En su edición de los meses de marzo y abril de 1999, la revista Debate presentó los resultados de su encuesta de más de cincuenta críticos literarios nominando los diez libros de narrativa más importantes de la década del noventa en el Perú. Las tres primeras posiciones, reveladoras por lo que dicen del cambio en la estructura jerárquica tradicional, dominada por escritores consagrados internacionalmente, las ocuparon: País de Jauja (1993) de Edgardo Rivera Martínez, La violencia del tiempo (1991) de Miguel Gutiérrez, y Ximena de dos caminos (1994) de Laura Riesco.

Lo insólito que revelaba este sondeo, particularmente en lo que se refería a Rivera Martínez, es el haber llegado a tan privilegiado lugar sin una trayectoria previa en el género novelístico. Con un historial narrativo de extraordinaria factura, y ampliamente reconocido en el medio como fino prosista, Rivera Martínez había limitado su producción al cuento, al ensayo, y a la crónica de viaje. País de Jauja, única novela de Rivera Martínez hasta el momento de la encuesta, recibiría inmediata y calurosa acogida por la crítica especializada y por el público lector en general, y se le otorgaría un segundo puesto en el premio internacional Rómulo Gallegos de Venezuela en 1995, lugar que muchos consideraron debió ser un primero. Esta novela, que el autor define como “una propuesta, en el sentido de que plantea la posibilidad de un universo nacional integrado”, aporta, entre muchos otros notables valores, una ruptura con una tradición literaria dedicada más a la descomposición social que a la construcción, en la ficción, de un país virtual, formulado desde un proyecto utópico.
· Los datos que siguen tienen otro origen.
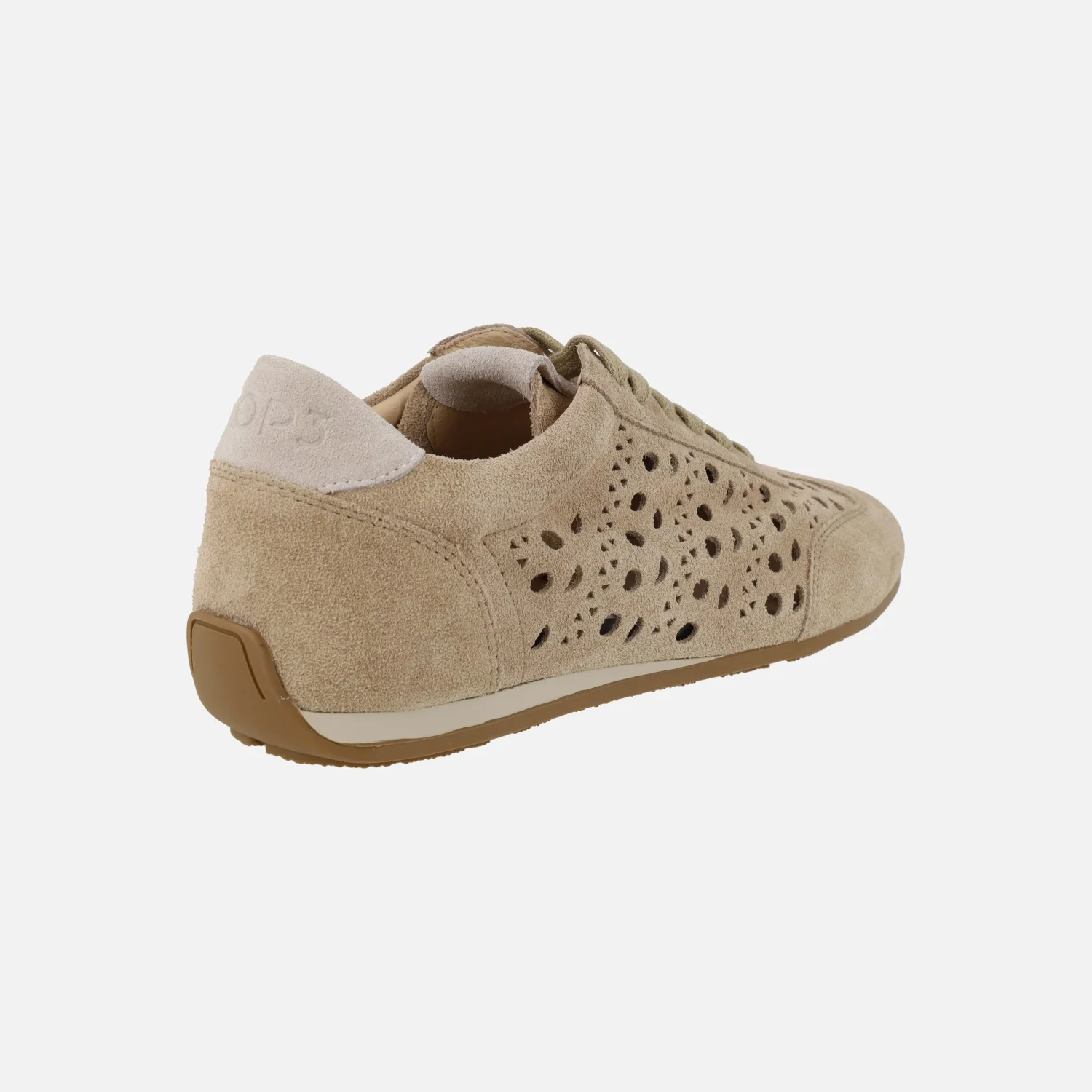 Zapatillas deportivas bajas en serraje beige con calados - Image 4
De esta obra diría Antonio Cornejo Polar en su reseña titulada “Nombre de país: el nombre”:

En el fondo, en efecto, País de Jauja puede leerse como una admirable alegoría de la transculturación feliz, enriquecedora, gracias a la cual hasta la ominosa presencia de la muerte puede ser vencida. La fuerza que sostiene esta perspectiva proviene de la solidaria fraternidad que enlaza a personajes decisivamente diversos. . . y del modo cómo esa dimensión humana se transmuta en un arte que rompe fronteras para dialogar sin pausa con códigos estéticos de varia procedencia.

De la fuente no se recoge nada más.